Welcome to Cautious Optimism, a newsletter on tech, business, and power.
Monday! Our economic calendar for the week is here, in case you want to find out how barren the next five days’ earnings reports will prove; even the companies with offset economic calendars are going quiet. This is how quarters end.
Looking to the present, today we’re looking at IPO receipts, Microsoft’s new personnel issues, and AI revenue. To work! — Alex
📈 Trending Up: Oregonian spine … The EU, after Moldovan elections … superintelligence? … state mineral capacity … leveraged video game purchases by petrostates … print is alive? … shootings in America … AI in Excel?
📉 Trending Down: Federal employment … no disaster response … the right to dissent … X-India relations … Marissa Mayer … fuel availability in Russia … the Russian navy … surviving the Lunar night
Chart of the Day
PitchBook data indicates that we’re near the tail end of the best quarter for IPOs since 2021. But it doesn’t feel like that because Q3’s results aren’t really that much better than what we saw earlier this year and for brief periods in 2023 and 2024:
Still, a consistent increase in IPO receipts here in the States means that material amounts of venture cash is being recycled at last. That should lower the tension between LPs and their venture partners, and potentially unlock more capital for startup investment. Viva la IPO Boomlet, may it continue into the fourth quarter and 2026.
Things That Matter
Microsoft is more solvent than the government: Recent coverage of Microsoft’s low borrowing costs compared to the United States government underscores an interesting moment in time. Microsoft is currently more solvent than the United States government, the market tells us by offering to lend to the company at a lower rate. (Treasury bills have long been considered one of the safest investments possible, so the news does carry some punch.)
As the Wall Street Journal points out, demand for corporate debt is hot at the moment, which helps explain the situation, but Microsoft is also locked in a race with other trillion-dollar companies to build ever-increasing compute capacity. The company reported capex of $24.2 billion last quarter, and expects that to rise further in its current fiscal year.
And investors are still willing to lend it cash at lower rates than to the government. This is because despite making massive investments, the company is still incredibly profitable and growing at a comfortable clip. So much for over-investment…
Elsewhere, folks are beginning to worry even more loudly that some data center buildout is financially precarious. The gist is that by using debt to fund its compute contracts, Oracle is taking on real risk. True, but for now, the market is content to fill its debt offerings.
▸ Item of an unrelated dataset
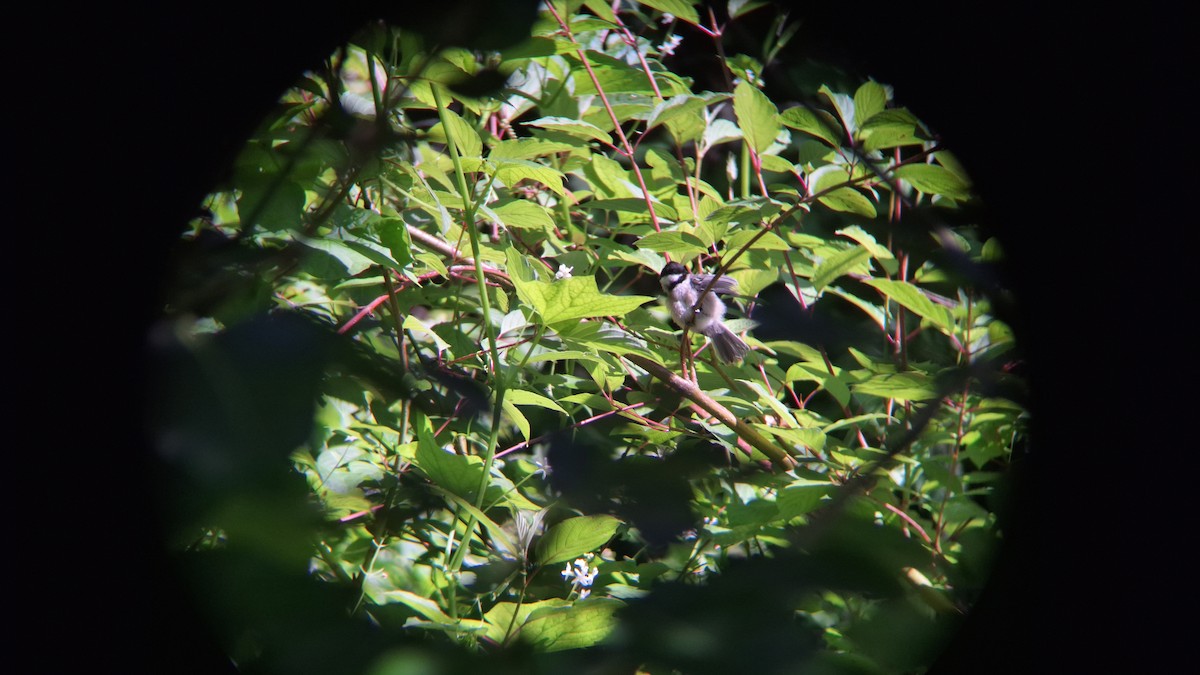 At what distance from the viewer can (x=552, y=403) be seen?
825 millimetres

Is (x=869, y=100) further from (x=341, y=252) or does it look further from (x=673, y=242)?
(x=341, y=252)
Who runs Microsoft? POTUS wants Microsoft to fire Lisa Monaco, the company’s recently hired president of global affairs. Her sin is that she was formerly deputy attorney general of the United States during the Biden administration, and per Trump, a “senior National Security aide under” Obama. That’s enough for POTUS to demand her extirpation, with the President writing that “Microsoft should immediately terminate” her employment.
Bluster? Bullshit? Who knows!? POTUS directly cited “major contracts that Microsoft has with the United States Government” in his post on Truth Social, which is about as subtle as a thug looking around your shop and telling you it would be a shame if something happened to it. So far, it appears that Microsoft has not caved to the demand.
Imagine a Democratic administration demanding that Meta stop hiring former Trump staffers.
Some folks told me that the Monaco situation isn’t a big deal; she can just get a job elsewhere. Don’t give up on capitalism so quickly, friends. Turning your political rivals into economic pariahs is much more than sparring.
We’re not giving up on Taiwanese independence, are we? As the TikTok deal inches closer to a resolution, a broader economic arrangement between the United States and China remains a possibility. The WSJ reports that China’s leader, Xi Jinping, wants the United States to change its posture on Taiwan’s independence from “neutral position to one that actively aligns with Beijing against Taiwanese sovereignty” as part of a larger agreement.
I presume you would join me in saying hell no to that. In practical terms, dissolving the smaller nation’s independence would require an invasion, and in doing so, China would render Taiwan’s chipmaking facilities moot. Not merely through military engagement, but because TSMC is prepared for such an eventuality and has plans to shutter its facilities in the event of an invasion. Critical chip manufacturing equipment provider, Dutch ASML, can also scupper its equipment on the island if needed.
Which brings us to China’s recent move away from Nvidia and towards homegrown chips, and the United States’ ambitions to produce half of its needed chips domestically. Those are moves one might expect from nations desperate to control their destiny in a de-globalizing world, or what one would anticipate from two countries ready to take the global chipmaking crown jewel offline. Keep an eye on cross-Pacific conversations.